Death of Aaron Swartz Underscores Need for Reforms He Championed

Much is being said about the suicide of Internet pioneer Aaron Swartz, to which I can add little except that it was a tragic end to a brilliant, troubled life. Whatever combination of factors led Swartz to take his own life, it’s clear his death will serve as a grim indictment of the very legal structure he sought to upend—a system designed around older notions of copyright control and enforcement.

“There’s a battle going on right now, a battle to define everything that happens on the Internet in terms of traditional things that the law understands,” Swartz said last year, after helping to stop SOPA. He saw these “traditional things”—outmoded applications of concepts like copyright, DRM, licensing and fair use—as nothing less than a threat to freedom. Though sometimes taking his “hacktivist” work to controversial extremes, Swartz’s actions helped define what’s at stake in the effort to preserve and enhance the critical role of information in our culture even as traditional media companies struggle with radically new business models.

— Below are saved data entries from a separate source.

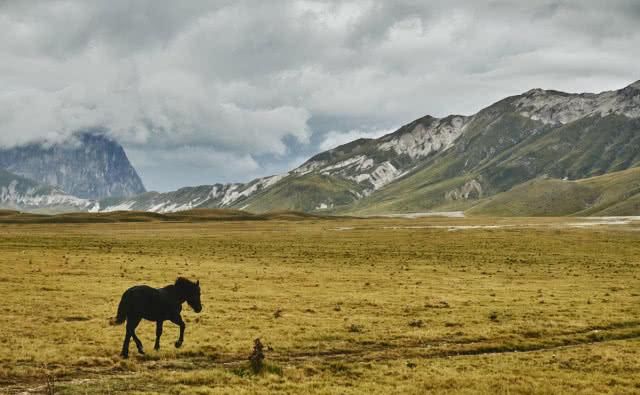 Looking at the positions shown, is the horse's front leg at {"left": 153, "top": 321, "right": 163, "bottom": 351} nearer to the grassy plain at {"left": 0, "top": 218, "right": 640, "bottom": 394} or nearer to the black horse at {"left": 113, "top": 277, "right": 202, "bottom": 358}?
the black horse at {"left": 113, "top": 277, "right": 202, "bottom": 358}

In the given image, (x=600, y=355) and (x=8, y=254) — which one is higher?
(x=8, y=254)

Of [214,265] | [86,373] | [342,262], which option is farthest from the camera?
[342,262]

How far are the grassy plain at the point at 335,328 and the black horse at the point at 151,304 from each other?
136cm

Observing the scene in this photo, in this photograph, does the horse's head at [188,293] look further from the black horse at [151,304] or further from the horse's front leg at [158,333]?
the horse's front leg at [158,333]

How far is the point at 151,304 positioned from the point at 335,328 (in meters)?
10.9

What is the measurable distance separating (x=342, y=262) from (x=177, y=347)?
145 feet

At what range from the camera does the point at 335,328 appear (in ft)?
90.9

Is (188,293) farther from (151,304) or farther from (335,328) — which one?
(335,328)

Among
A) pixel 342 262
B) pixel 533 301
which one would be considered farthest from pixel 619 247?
pixel 533 301

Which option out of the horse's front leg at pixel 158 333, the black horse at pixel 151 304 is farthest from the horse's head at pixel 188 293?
the horse's front leg at pixel 158 333

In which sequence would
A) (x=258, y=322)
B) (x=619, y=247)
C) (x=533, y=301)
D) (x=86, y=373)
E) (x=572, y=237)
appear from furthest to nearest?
(x=572, y=237), (x=619, y=247), (x=533, y=301), (x=258, y=322), (x=86, y=373)

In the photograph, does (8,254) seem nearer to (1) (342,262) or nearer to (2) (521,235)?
(1) (342,262)

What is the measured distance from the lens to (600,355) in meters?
22.7

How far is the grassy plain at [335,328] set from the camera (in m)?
18.5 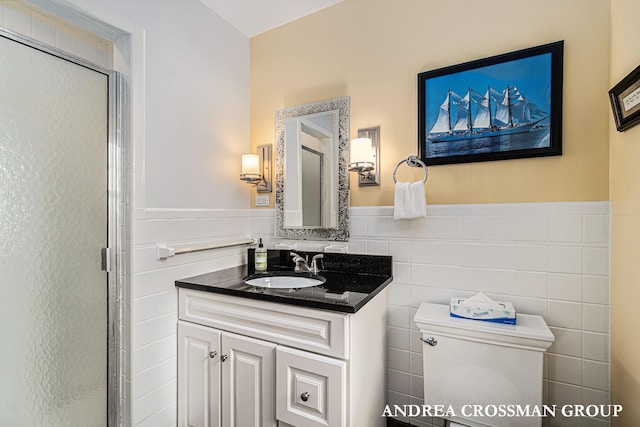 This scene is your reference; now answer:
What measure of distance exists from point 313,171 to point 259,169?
1.35 ft

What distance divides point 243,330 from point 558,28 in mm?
1986

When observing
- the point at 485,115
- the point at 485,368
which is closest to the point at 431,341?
the point at 485,368

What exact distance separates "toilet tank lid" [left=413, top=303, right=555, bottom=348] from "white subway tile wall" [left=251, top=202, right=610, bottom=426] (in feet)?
0.46

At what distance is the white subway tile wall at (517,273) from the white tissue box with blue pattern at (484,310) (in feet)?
0.52

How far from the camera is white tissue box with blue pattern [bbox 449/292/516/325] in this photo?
125 cm

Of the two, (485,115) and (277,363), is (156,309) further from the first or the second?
(485,115)

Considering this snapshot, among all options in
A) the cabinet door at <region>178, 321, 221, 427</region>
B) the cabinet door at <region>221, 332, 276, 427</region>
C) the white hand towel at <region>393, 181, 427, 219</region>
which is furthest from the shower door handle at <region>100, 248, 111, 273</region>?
the white hand towel at <region>393, 181, 427, 219</region>

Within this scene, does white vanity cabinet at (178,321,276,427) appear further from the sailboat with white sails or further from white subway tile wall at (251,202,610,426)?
the sailboat with white sails

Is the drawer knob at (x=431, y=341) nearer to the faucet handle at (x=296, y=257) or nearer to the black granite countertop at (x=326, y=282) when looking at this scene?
the black granite countertop at (x=326, y=282)

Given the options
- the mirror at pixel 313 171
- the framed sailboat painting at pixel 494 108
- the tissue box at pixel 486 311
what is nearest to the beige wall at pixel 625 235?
the framed sailboat painting at pixel 494 108

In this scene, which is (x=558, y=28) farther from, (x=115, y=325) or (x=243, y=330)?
(x=115, y=325)

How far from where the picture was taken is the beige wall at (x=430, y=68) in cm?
129

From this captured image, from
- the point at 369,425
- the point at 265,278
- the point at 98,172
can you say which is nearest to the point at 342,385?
the point at 369,425

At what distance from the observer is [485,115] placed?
1464 millimetres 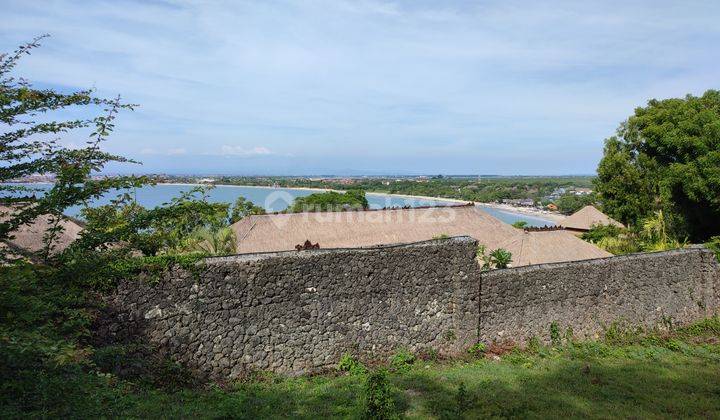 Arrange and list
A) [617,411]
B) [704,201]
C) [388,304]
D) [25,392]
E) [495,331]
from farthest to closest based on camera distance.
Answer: [704,201], [495,331], [388,304], [617,411], [25,392]

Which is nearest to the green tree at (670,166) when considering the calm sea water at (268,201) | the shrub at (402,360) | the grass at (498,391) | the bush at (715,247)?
the bush at (715,247)

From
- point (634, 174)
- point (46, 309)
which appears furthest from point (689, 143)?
point (46, 309)

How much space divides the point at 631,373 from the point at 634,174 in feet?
64.7

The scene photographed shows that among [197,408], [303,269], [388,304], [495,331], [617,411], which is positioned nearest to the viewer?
[197,408]

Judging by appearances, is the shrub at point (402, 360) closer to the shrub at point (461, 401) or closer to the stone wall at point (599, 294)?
the stone wall at point (599, 294)

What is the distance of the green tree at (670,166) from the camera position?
17609 millimetres

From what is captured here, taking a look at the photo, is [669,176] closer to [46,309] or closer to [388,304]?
[388,304]

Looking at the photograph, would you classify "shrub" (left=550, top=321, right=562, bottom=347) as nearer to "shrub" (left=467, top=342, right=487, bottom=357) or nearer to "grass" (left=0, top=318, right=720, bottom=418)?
"grass" (left=0, top=318, right=720, bottom=418)

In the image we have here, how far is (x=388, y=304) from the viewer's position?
31.8 feet

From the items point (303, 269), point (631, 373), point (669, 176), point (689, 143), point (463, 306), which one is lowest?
point (631, 373)

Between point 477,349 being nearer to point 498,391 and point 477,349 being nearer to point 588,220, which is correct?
point 498,391

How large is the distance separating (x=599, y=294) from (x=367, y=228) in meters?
10.5

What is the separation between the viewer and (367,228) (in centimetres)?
2052

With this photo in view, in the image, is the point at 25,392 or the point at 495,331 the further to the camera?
the point at 495,331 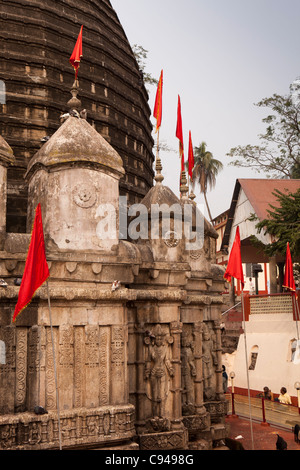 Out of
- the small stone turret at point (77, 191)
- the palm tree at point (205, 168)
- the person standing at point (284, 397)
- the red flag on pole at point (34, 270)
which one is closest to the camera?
the red flag on pole at point (34, 270)

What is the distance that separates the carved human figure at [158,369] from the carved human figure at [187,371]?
140cm

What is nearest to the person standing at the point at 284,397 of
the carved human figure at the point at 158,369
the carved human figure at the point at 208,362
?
the carved human figure at the point at 208,362

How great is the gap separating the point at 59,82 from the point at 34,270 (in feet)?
29.7

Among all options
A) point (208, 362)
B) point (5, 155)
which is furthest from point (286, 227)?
point (5, 155)

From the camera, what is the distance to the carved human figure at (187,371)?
11.7 meters

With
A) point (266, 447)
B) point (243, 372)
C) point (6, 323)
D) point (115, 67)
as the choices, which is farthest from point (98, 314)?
point (243, 372)

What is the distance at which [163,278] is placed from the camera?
11023 mm

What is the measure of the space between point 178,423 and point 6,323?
424 centimetres

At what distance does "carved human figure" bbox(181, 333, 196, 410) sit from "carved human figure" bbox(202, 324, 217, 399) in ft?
3.93

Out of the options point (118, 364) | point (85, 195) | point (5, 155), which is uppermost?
point (5, 155)

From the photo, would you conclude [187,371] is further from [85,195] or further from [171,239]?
[85,195]

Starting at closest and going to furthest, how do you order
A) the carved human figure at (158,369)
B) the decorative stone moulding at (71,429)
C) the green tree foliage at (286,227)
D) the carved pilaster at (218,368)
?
the decorative stone moulding at (71,429) < the carved human figure at (158,369) < the carved pilaster at (218,368) < the green tree foliage at (286,227)

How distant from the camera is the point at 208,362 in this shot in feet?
43.5

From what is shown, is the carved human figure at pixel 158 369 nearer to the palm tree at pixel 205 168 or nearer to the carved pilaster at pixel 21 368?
the carved pilaster at pixel 21 368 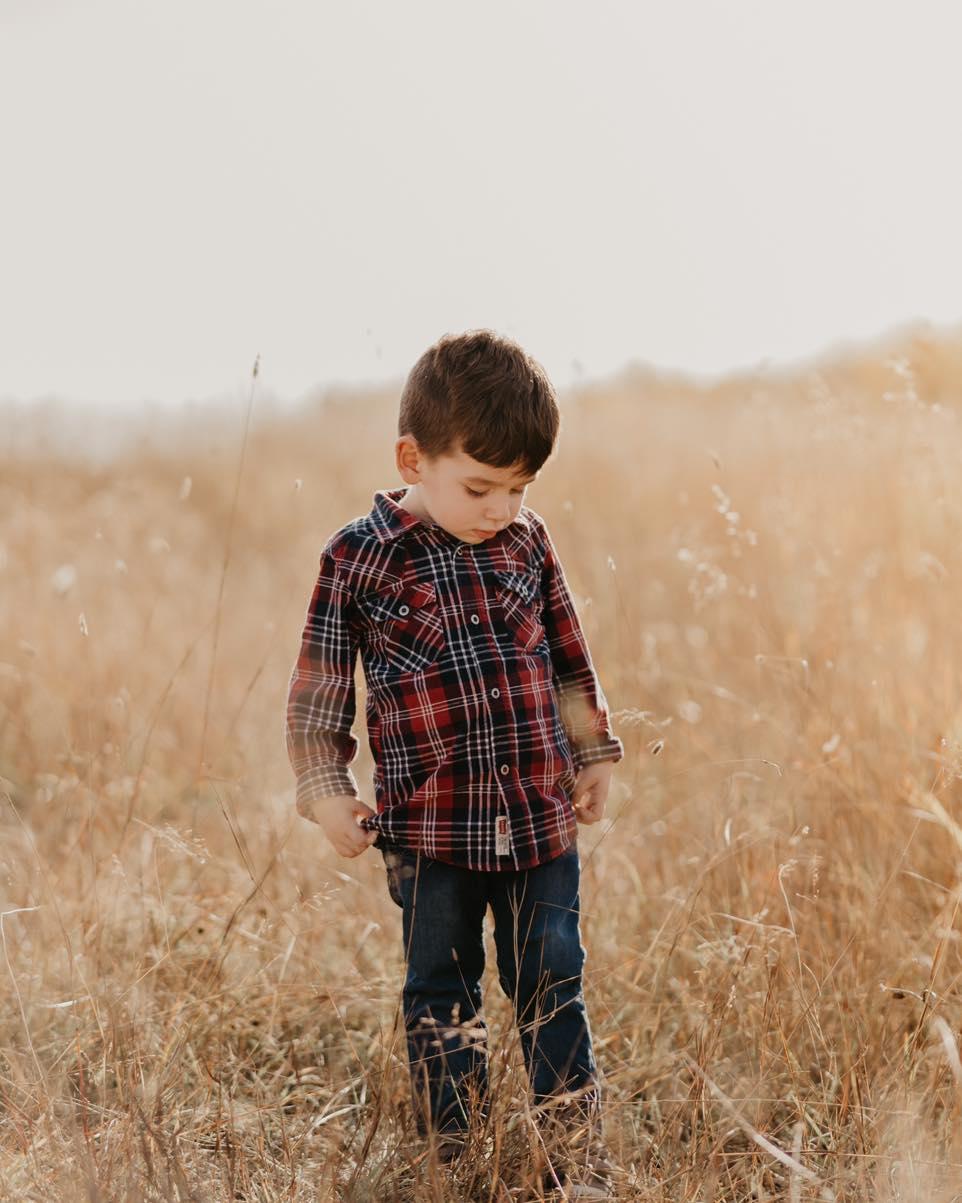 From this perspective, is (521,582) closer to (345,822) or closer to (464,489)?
(464,489)

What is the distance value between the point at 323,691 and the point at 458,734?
23 cm

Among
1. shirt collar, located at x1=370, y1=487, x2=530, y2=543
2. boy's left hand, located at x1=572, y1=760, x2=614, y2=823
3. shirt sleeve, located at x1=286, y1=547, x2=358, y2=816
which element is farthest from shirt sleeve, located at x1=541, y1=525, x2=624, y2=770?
shirt sleeve, located at x1=286, y1=547, x2=358, y2=816

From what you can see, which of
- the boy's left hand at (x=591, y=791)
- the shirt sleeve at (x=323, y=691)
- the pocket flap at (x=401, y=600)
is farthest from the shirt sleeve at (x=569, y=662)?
the shirt sleeve at (x=323, y=691)

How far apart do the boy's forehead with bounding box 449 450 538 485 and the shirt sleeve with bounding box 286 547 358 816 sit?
26 centimetres

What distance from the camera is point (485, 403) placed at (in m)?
1.83

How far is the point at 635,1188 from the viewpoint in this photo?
6.13 ft

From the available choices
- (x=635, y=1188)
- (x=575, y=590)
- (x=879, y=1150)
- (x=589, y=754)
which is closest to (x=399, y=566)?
(x=589, y=754)

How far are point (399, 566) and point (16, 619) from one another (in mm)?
3117

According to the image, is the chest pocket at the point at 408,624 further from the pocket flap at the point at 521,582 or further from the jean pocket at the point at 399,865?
the jean pocket at the point at 399,865

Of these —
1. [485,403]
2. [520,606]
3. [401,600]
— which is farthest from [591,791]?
[485,403]

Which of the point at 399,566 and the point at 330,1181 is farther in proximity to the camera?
the point at 399,566

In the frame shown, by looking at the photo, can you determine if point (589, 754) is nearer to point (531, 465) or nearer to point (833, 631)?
point (531, 465)

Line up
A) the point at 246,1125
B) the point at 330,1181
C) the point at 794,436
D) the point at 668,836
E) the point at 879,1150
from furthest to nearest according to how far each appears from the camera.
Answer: the point at 794,436 < the point at 668,836 < the point at 246,1125 < the point at 879,1150 < the point at 330,1181

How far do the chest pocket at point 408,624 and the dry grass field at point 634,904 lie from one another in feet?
1.48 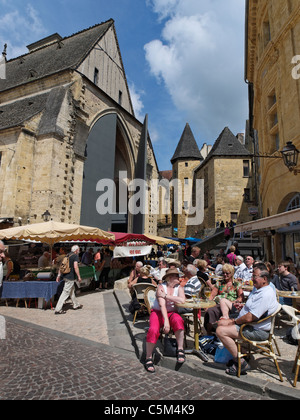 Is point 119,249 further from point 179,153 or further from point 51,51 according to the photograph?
point 179,153

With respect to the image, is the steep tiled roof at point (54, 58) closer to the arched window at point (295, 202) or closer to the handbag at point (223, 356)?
the arched window at point (295, 202)

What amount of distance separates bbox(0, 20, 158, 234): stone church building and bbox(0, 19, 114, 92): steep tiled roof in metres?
0.09

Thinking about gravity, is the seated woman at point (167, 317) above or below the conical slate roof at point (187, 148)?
below

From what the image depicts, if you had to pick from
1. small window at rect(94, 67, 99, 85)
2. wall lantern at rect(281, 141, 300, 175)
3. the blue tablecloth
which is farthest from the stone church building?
wall lantern at rect(281, 141, 300, 175)

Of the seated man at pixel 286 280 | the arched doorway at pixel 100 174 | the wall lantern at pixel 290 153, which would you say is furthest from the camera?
the arched doorway at pixel 100 174

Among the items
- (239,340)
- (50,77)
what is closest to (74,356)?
(239,340)

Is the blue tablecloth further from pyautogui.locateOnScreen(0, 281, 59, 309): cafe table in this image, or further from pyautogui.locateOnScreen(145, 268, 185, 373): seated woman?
pyautogui.locateOnScreen(145, 268, 185, 373): seated woman

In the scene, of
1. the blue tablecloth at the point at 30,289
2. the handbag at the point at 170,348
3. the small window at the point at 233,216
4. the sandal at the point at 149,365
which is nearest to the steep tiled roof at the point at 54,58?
the blue tablecloth at the point at 30,289

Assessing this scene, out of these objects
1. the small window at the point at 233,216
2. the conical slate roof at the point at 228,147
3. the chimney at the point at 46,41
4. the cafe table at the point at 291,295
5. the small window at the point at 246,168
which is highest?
the chimney at the point at 46,41

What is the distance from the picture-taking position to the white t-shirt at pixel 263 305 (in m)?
3.02

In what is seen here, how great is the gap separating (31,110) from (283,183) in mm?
14560

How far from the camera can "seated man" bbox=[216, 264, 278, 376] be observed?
9.92ft

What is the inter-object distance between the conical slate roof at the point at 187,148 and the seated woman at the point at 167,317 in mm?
35911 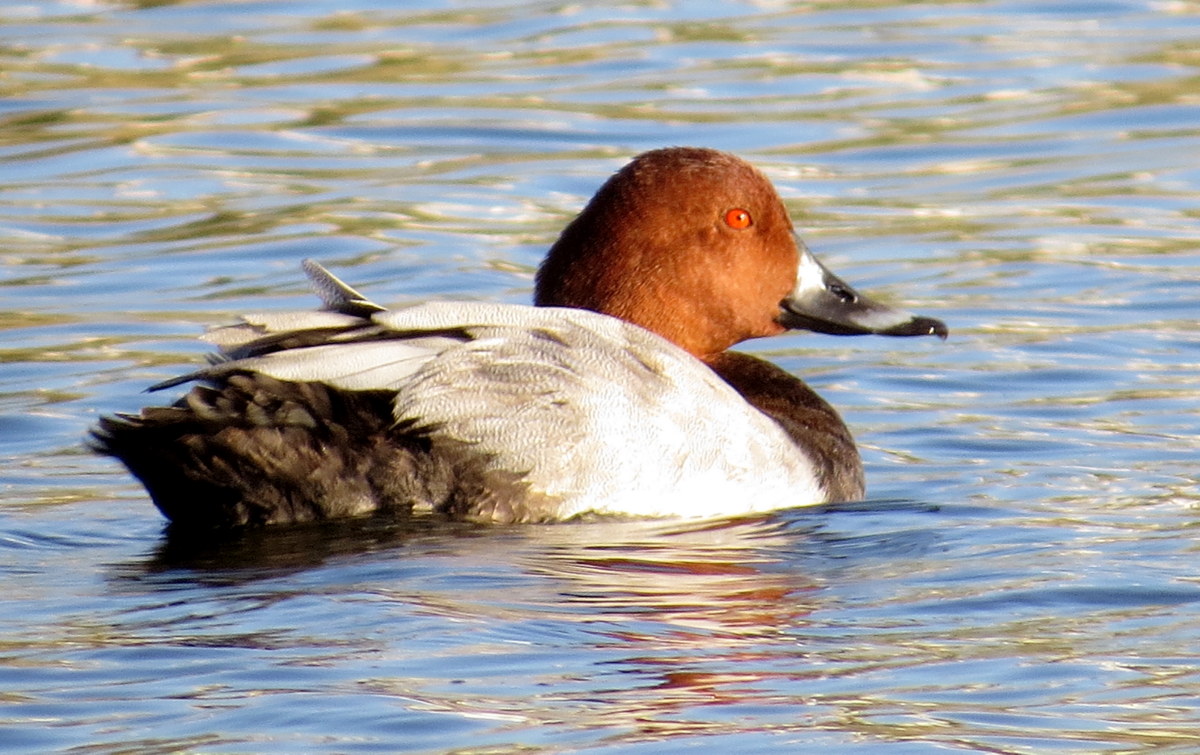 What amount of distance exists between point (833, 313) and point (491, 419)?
1665 millimetres

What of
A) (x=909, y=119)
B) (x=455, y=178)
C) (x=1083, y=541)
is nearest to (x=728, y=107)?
(x=909, y=119)

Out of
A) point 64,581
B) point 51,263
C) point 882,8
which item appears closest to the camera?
point 64,581

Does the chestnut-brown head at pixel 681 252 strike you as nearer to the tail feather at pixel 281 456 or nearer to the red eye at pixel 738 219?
the red eye at pixel 738 219

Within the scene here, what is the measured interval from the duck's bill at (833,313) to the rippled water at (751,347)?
39 centimetres

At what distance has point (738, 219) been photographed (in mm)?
7043

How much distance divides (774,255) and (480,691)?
9.01 ft

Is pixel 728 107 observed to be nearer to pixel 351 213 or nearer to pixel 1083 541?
pixel 351 213

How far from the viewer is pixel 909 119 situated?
12.1 meters

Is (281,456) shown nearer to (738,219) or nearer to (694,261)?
(694,261)

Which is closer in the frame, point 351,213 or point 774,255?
point 774,255

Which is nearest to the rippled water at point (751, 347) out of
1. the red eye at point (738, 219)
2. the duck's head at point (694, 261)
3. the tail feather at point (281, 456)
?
the tail feather at point (281, 456)

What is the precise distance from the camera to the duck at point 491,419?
5879mm

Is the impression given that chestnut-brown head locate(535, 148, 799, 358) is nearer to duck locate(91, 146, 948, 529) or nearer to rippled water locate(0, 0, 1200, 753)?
duck locate(91, 146, 948, 529)

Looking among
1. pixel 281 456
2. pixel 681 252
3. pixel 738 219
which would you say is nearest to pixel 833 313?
pixel 738 219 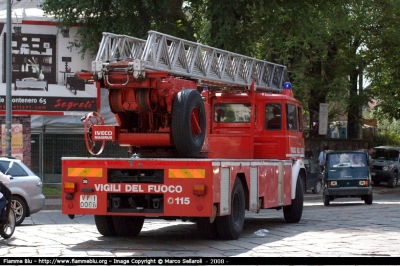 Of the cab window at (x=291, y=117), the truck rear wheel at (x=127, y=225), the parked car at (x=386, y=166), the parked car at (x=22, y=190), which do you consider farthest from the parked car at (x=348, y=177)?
the truck rear wheel at (x=127, y=225)

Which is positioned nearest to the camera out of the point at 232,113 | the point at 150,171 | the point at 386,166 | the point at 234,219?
the point at 150,171

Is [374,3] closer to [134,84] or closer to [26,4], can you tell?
[26,4]

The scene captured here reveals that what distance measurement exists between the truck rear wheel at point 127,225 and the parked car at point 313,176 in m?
17.9

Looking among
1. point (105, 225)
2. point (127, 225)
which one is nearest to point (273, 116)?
point (127, 225)

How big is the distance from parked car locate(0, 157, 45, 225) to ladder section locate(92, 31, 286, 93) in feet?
15.9

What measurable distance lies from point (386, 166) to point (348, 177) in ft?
38.6

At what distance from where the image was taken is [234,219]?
45.4 ft

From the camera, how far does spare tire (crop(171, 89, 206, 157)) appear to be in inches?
525

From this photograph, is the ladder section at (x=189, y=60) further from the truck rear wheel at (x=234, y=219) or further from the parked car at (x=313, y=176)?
the parked car at (x=313, y=176)

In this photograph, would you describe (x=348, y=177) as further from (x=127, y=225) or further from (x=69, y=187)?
(x=69, y=187)

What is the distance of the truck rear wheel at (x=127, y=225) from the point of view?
1433 centimetres

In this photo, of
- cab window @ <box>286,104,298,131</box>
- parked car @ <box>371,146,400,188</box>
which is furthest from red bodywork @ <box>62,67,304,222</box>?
parked car @ <box>371,146,400,188</box>

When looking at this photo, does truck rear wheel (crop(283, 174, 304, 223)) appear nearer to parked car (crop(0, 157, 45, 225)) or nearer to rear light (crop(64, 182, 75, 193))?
parked car (crop(0, 157, 45, 225))

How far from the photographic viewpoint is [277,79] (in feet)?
64.7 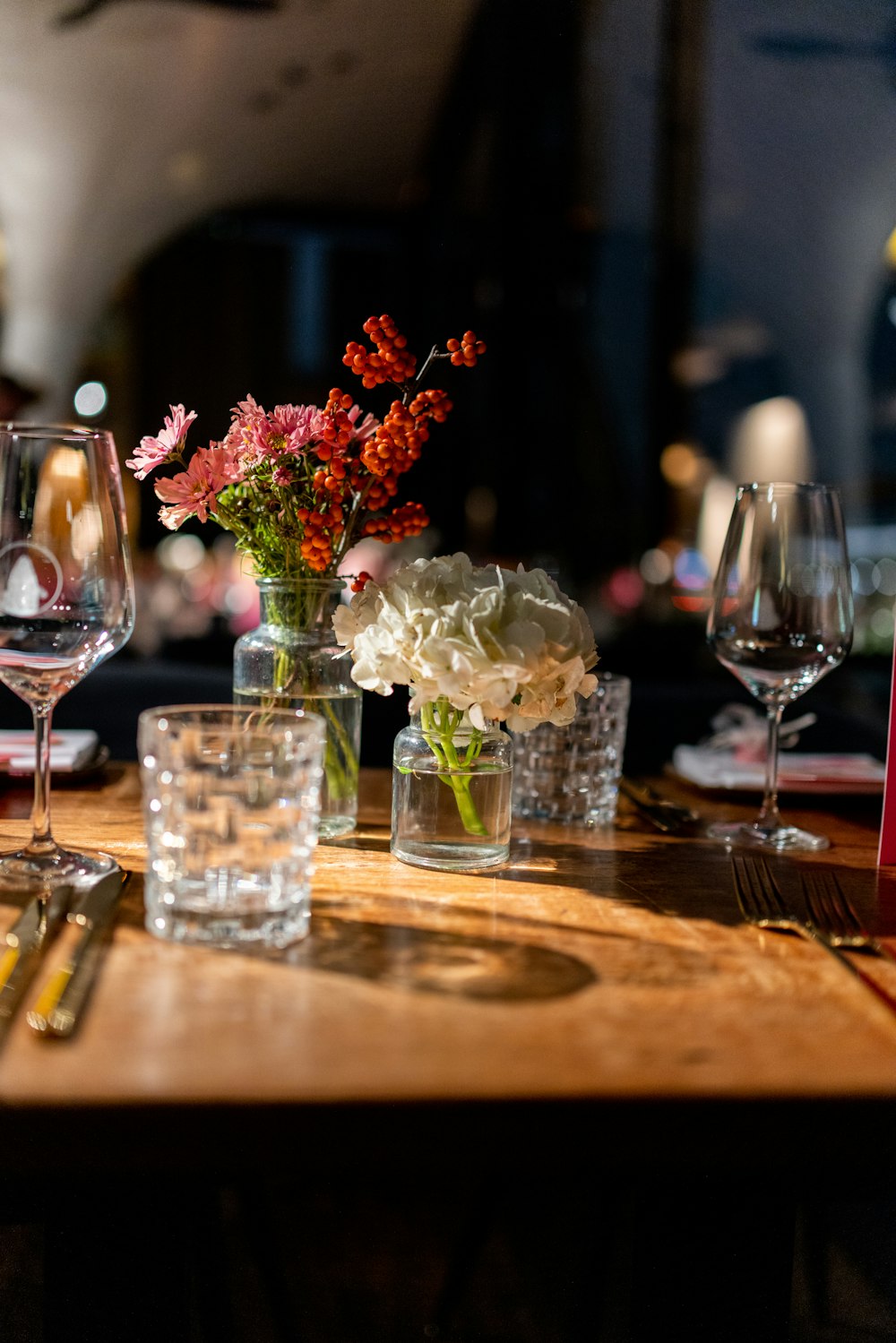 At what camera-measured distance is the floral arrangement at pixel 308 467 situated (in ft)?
2.99

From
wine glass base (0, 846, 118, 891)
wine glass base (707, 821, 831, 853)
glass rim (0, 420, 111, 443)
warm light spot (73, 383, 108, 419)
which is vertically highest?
warm light spot (73, 383, 108, 419)

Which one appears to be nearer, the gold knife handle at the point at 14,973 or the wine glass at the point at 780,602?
the gold knife handle at the point at 14,973

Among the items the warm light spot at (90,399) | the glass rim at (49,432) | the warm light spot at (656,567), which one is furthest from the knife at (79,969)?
the warm light spot at (90,399)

While the rights of content creators and copyright holders are obviously important, it is unhelpful to compare ripping a CD to ripping off a bank, or file downloads to home burglary. Pirating movies is frequently compared (by the movie industry) to stealing a car. This ignores the fact that creative works are never just commodities, and that demand for artistic and scientific ideas can be harnessed for profit in ways that acknowledge and respect the borderless nature of the Internet—working to leverage social sharing for marketing and e-commerce purposes, for instance.

Media entities really have no choice, as each attempt to strong-arm users only leads to embarrassment, or worse. Consider the music industry’s MP3 wars, or the bruising battles over DRM. Already, in the wake of Swartz’s death, influential bloggers are calling for scholars to associate themselves with open-access journals only. This is certainly not what JSTOR (the database hacked by Swartz) wants to see happen.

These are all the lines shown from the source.